GOAL OF THE EXERCISE: The lines to return run from the start of the material below through the line holding "Van Cranenbroek Hondenspeelgoed", both included; please give them back exactly, minus the pictures.

--- SUPPLIED MATERIAL ---

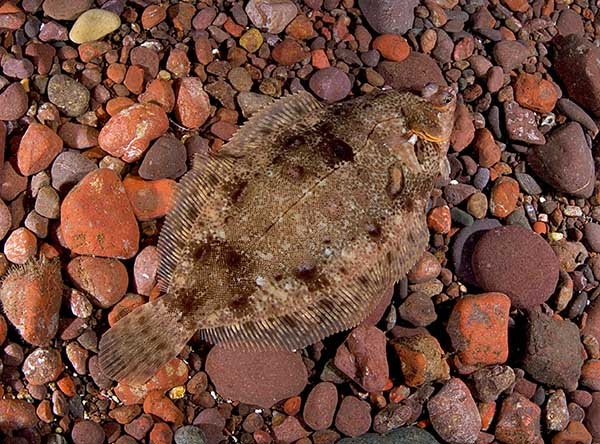 Microstomus kitt - Fishes – bony and cartilagous (Pisces)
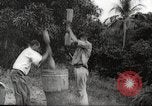 Immagine di Piantagione di caffè Puerto Rico, 1931, secondo 31 filmato di repertorio 65675060223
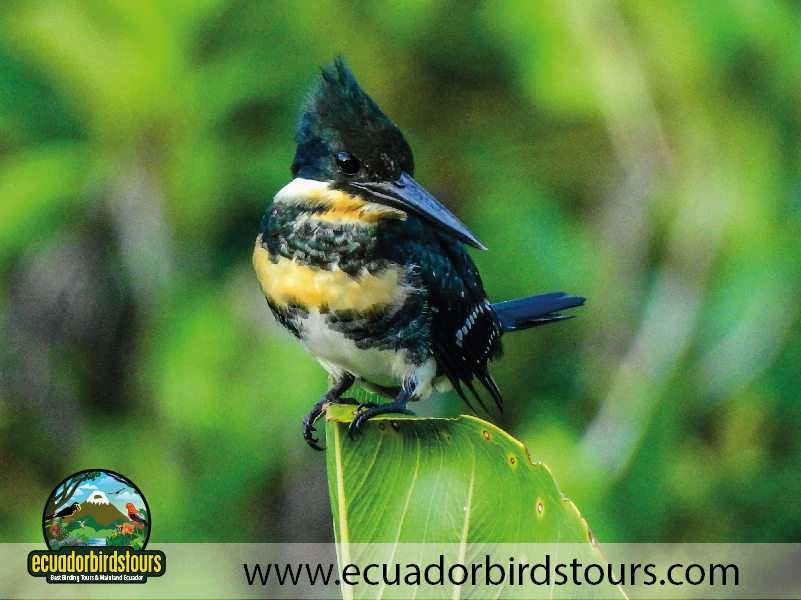 Napo Wildlife Center Amazon lodge by Ecuador Birds Tours Amazonian Kingfisher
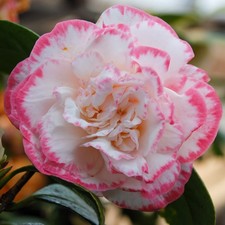 Camellia 'Margaret Davis' 9cm Plant x2 - RHS AGM Bicolour Flower Evergreen Shrub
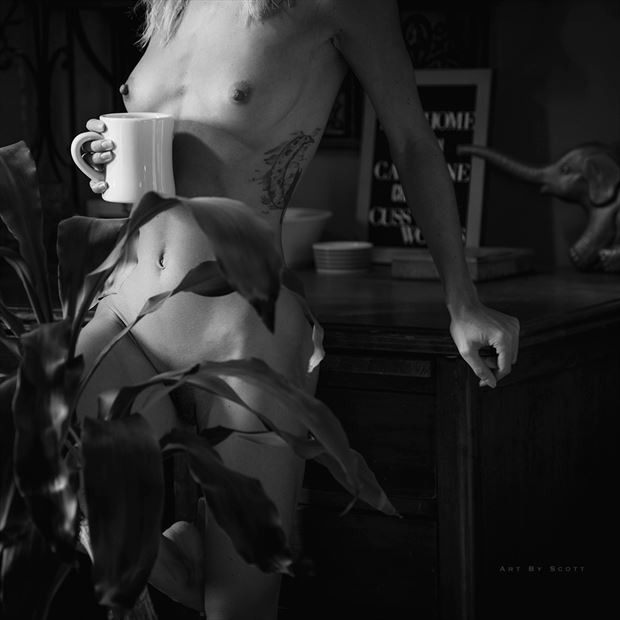 morning coffee 0003 artistic nude photo by photographer art_by_scott74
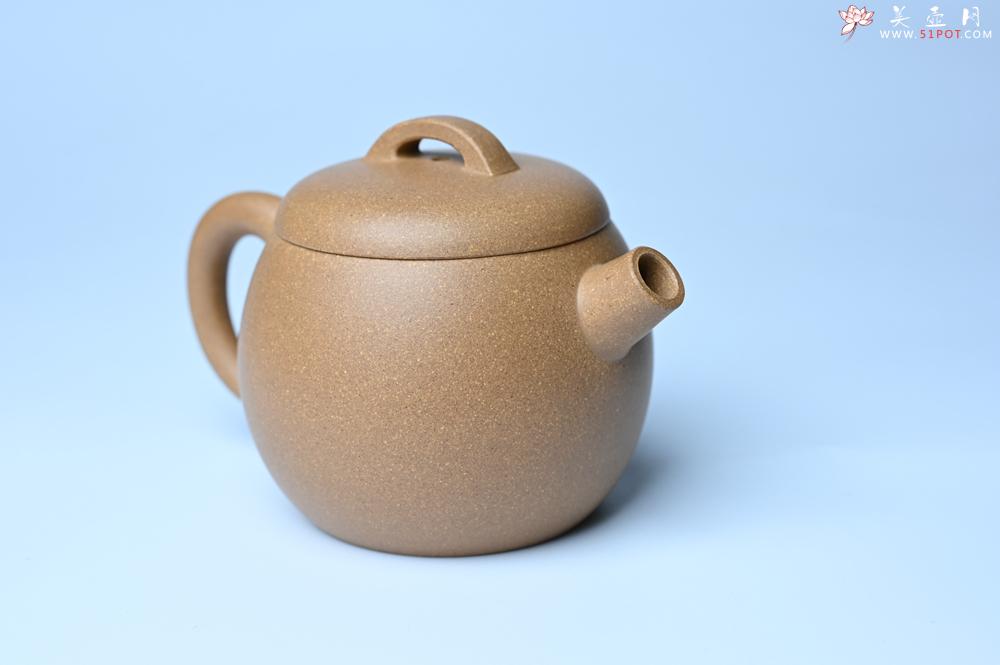 紫砂壶图片：紫砂壶特惠 特好老黄段泥精致大炮巨轮壶 茶人醉爱 - 紫砂壶信息网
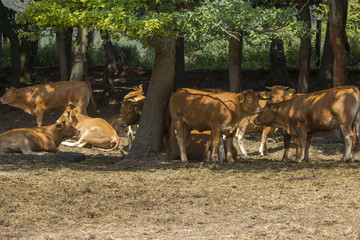  Brown Cow walking on the green meadow in the Eifel landscape
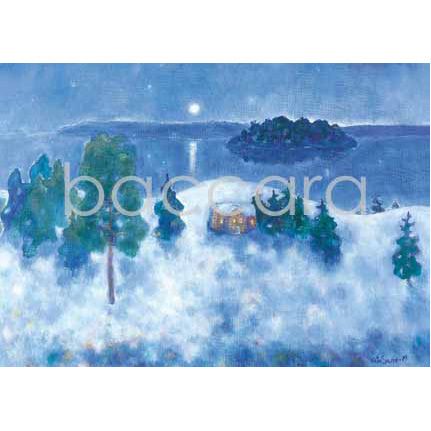 2040 kunstkort 12x17 cm 5-pakk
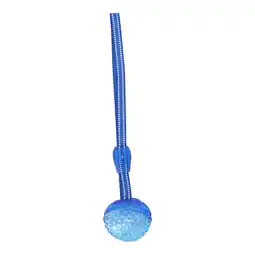Van Cranenbroek Hondenspeelgoed bal + touw toss large aanbieding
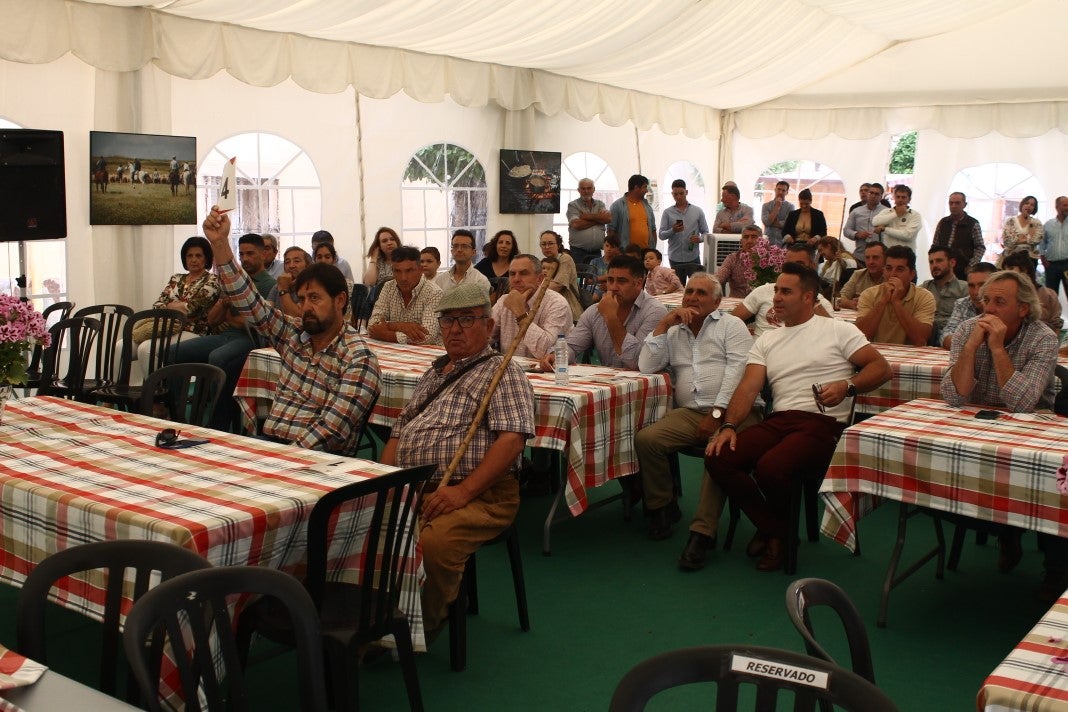 Fotos: XI 'Vive la Trashumancia' y III 'Feria del Queso Artesano' (V)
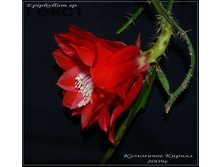Epiphyllum sp.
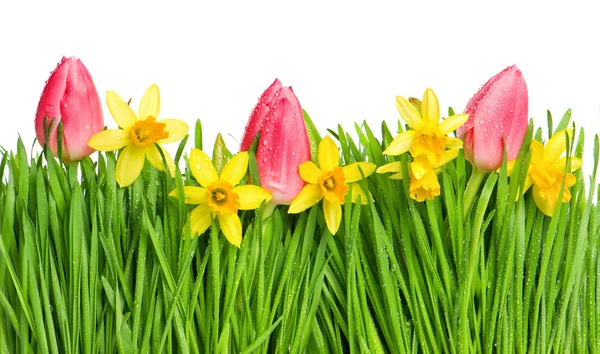 Tulipano primaverile e fiori di narciso in erba verde con acqua dro — Foto Stock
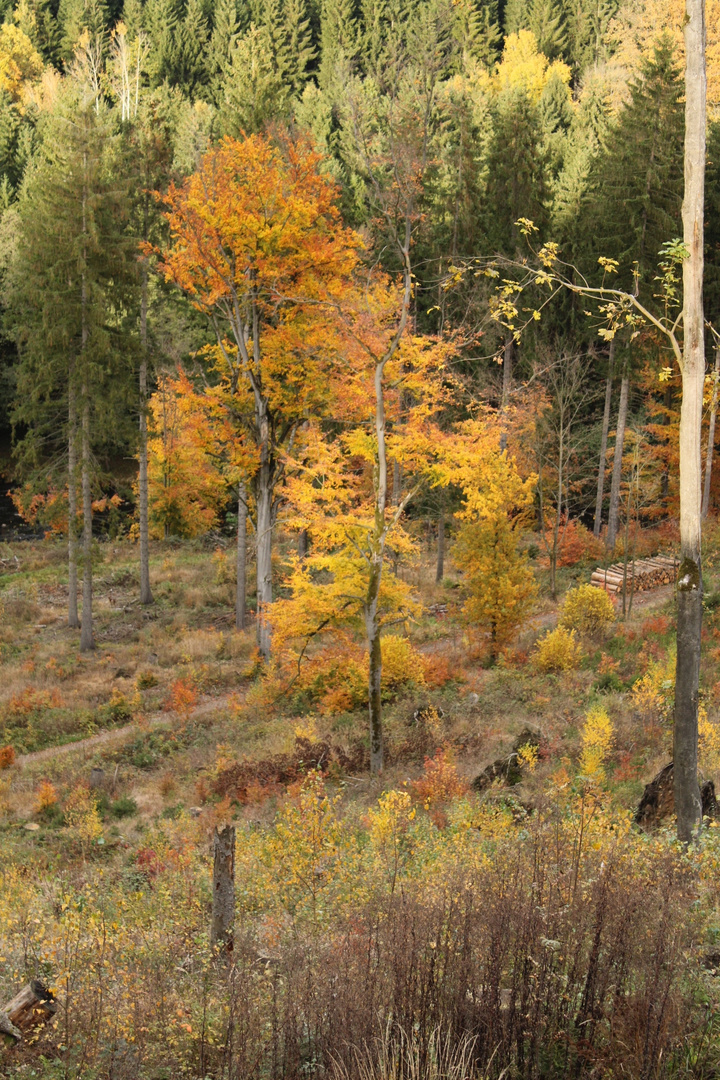 Herbstfarben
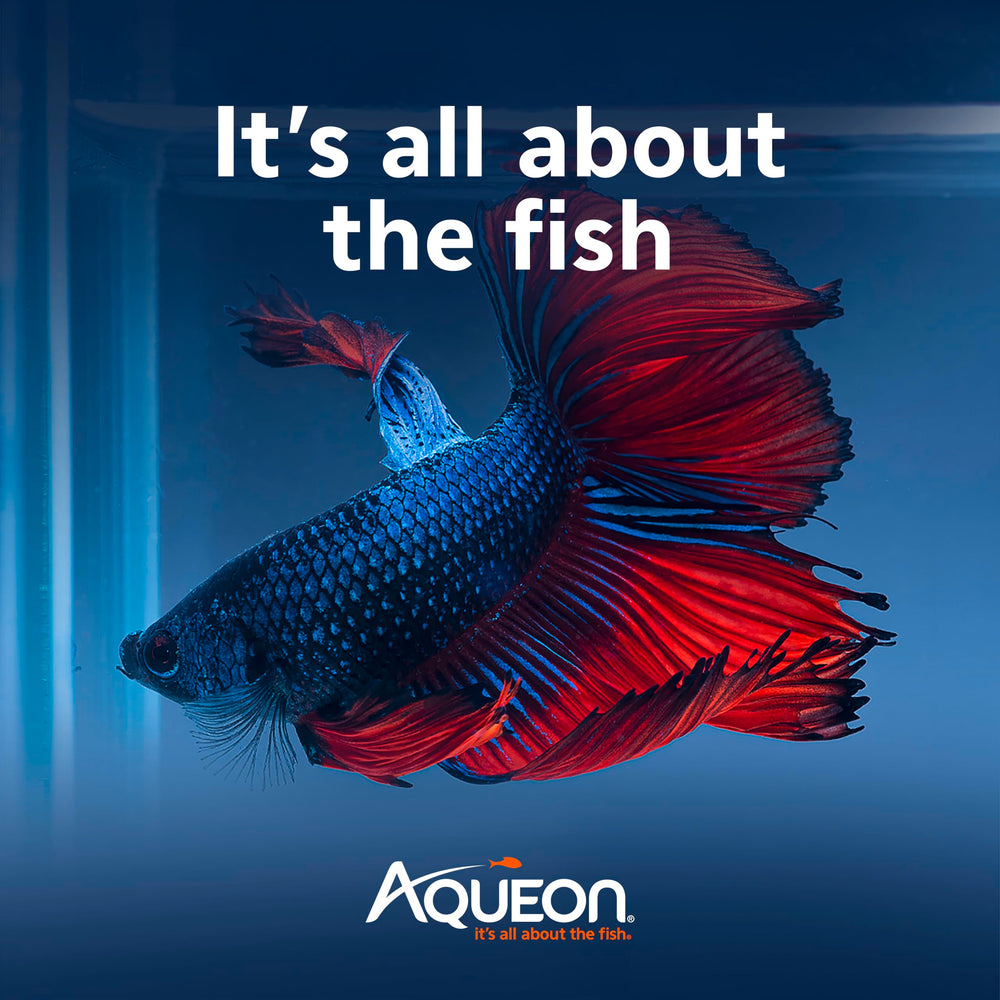 Aqueon PURE Betta Beads: cambio mensual y mantenimiento fácil.
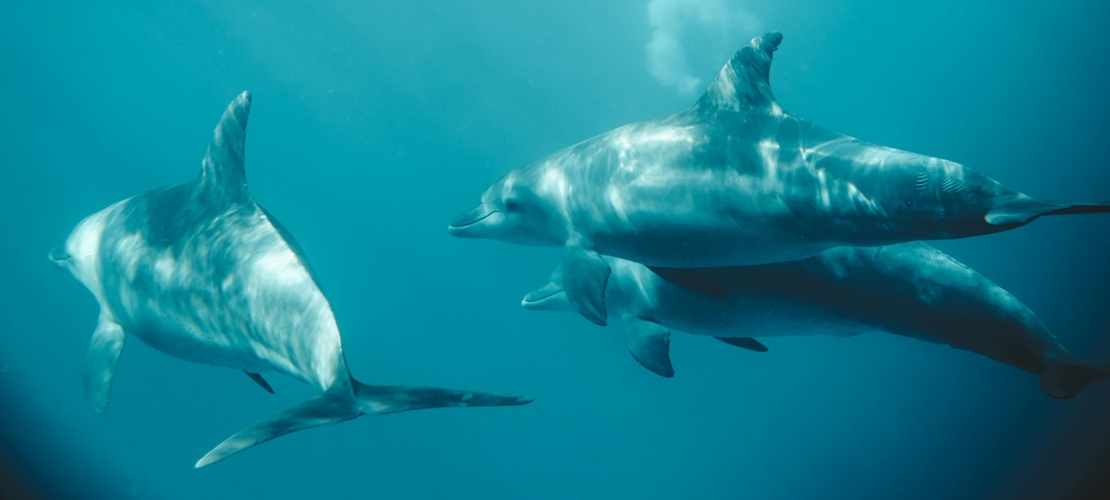 Dauphins Tanzanie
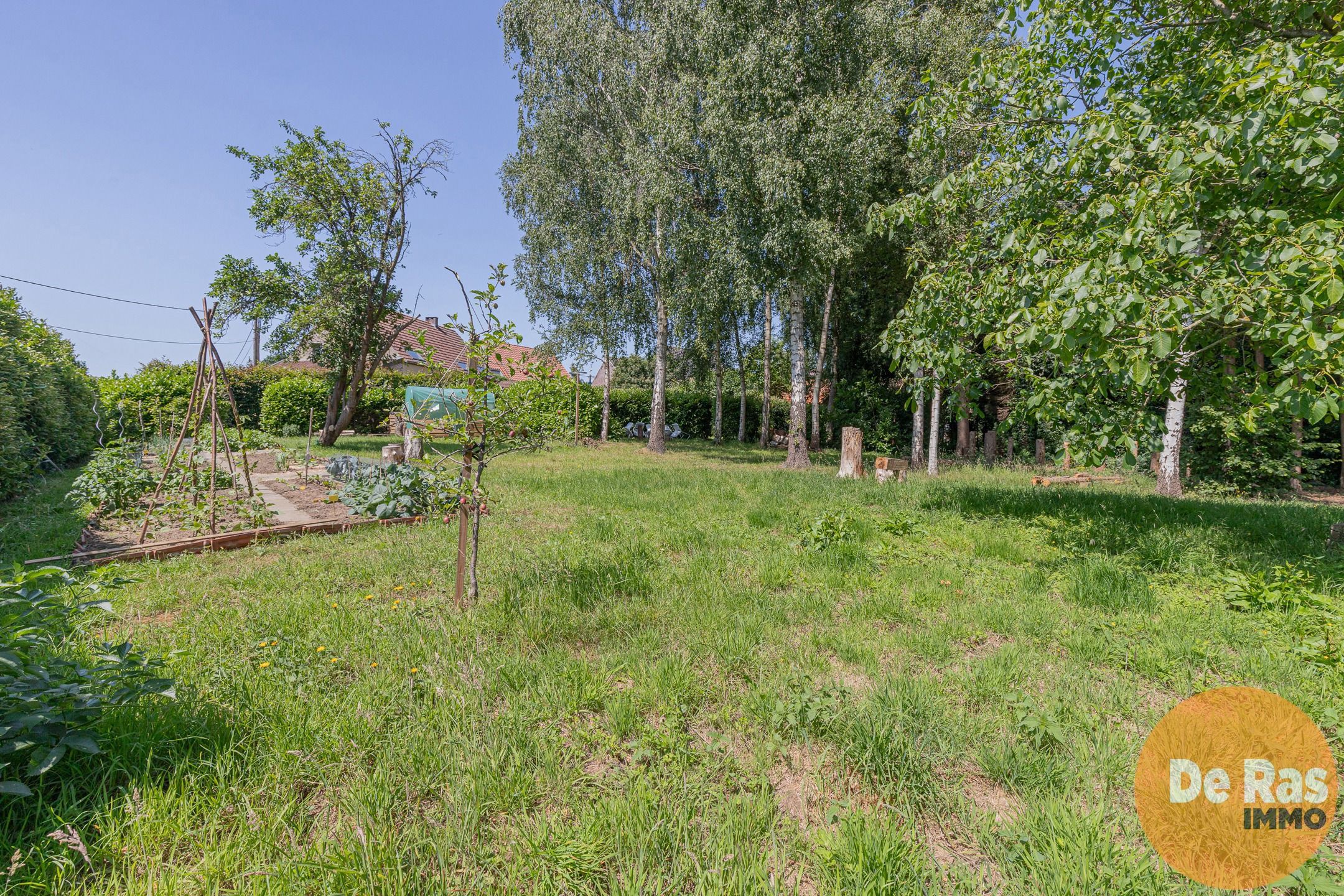 ST-L-ESSE - Ruime burgerwoning met achterliggende ateliers foto 26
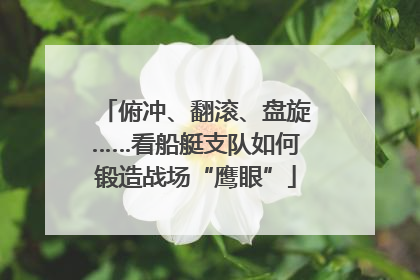 俯冲、翻滚、盘旋……看船艇支队如何锻造战场“鹰眼”
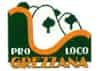 Logo di PRO LOCO GREZZANA APS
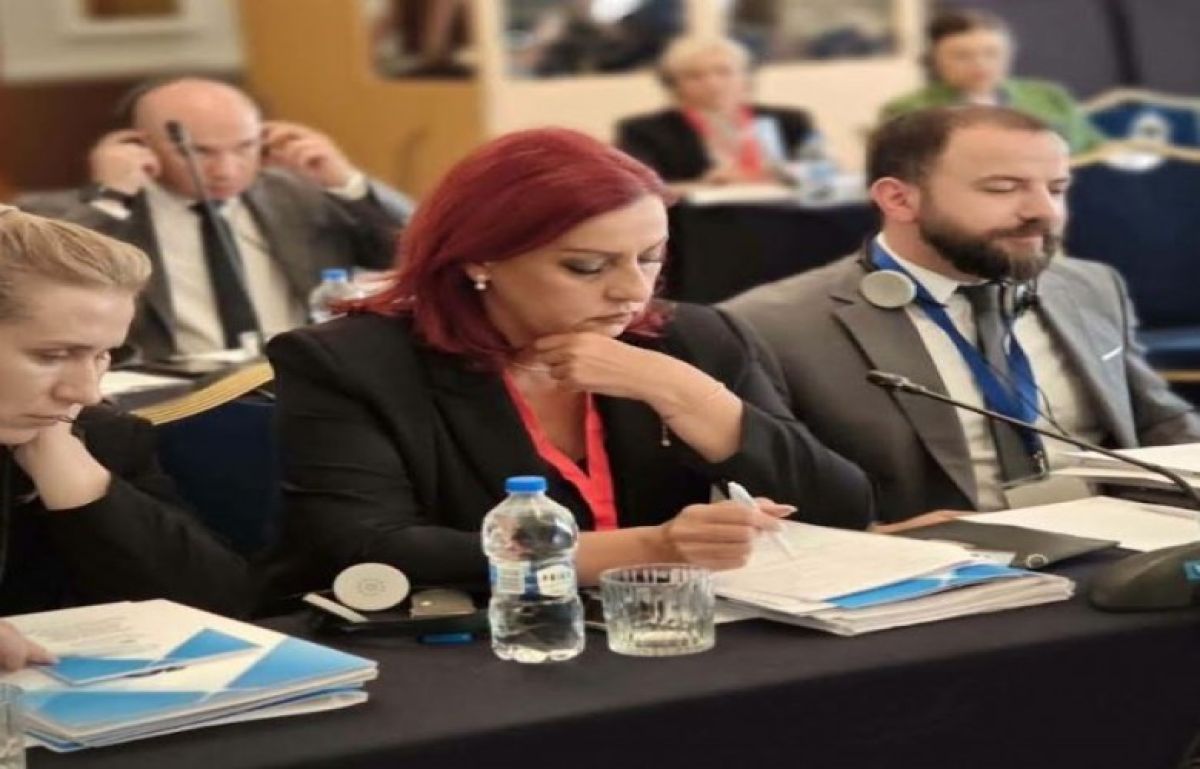 Redzepi, Sofya'daki SEECP Parlamenter Asamblesi'nin 13. Oturumunda 
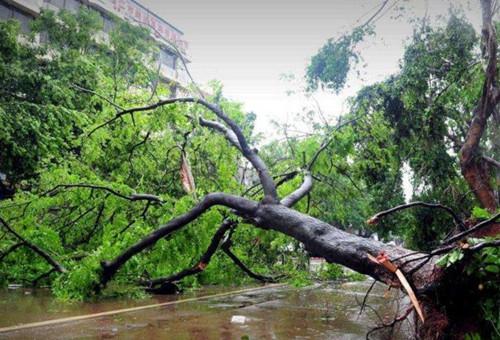 台风来袭 全场景防御指南请收好 台风来袭 全场景防御指南请收好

---

RESULT OF THE EXERCISE:
 Microstomus kitt - Fishes – bony and cartilagous (Pisces)
 Immagine di Piantagione di caffè Puerto Rico, 1931, secondo 31 filmato di repertorio 65675060223
 Napo Wildlife Center Amazon lodge by Ecuador Birds Tours Amazonian Kingfisher
 Camellia 'Margaret Davis' 9cm Plant x2 - RHS AGM Bicolour Flower Evergreen Shrub
 morning coffee 0003 artistic nude photo by photographer art_by_scott74
 紫砂壶图片：紫砂壶特惠 特好老黄段泥精致大炮巨轮壶 茶人醉爱 - 紫砂壶信息网
  Brown Cow walking on the green meadow in the Eifel landscape
 2040 kunstkort 12x17 cm 5-pakk
Van Cranenbroek Hondenspeelgoed bal + touw toss large aanbieding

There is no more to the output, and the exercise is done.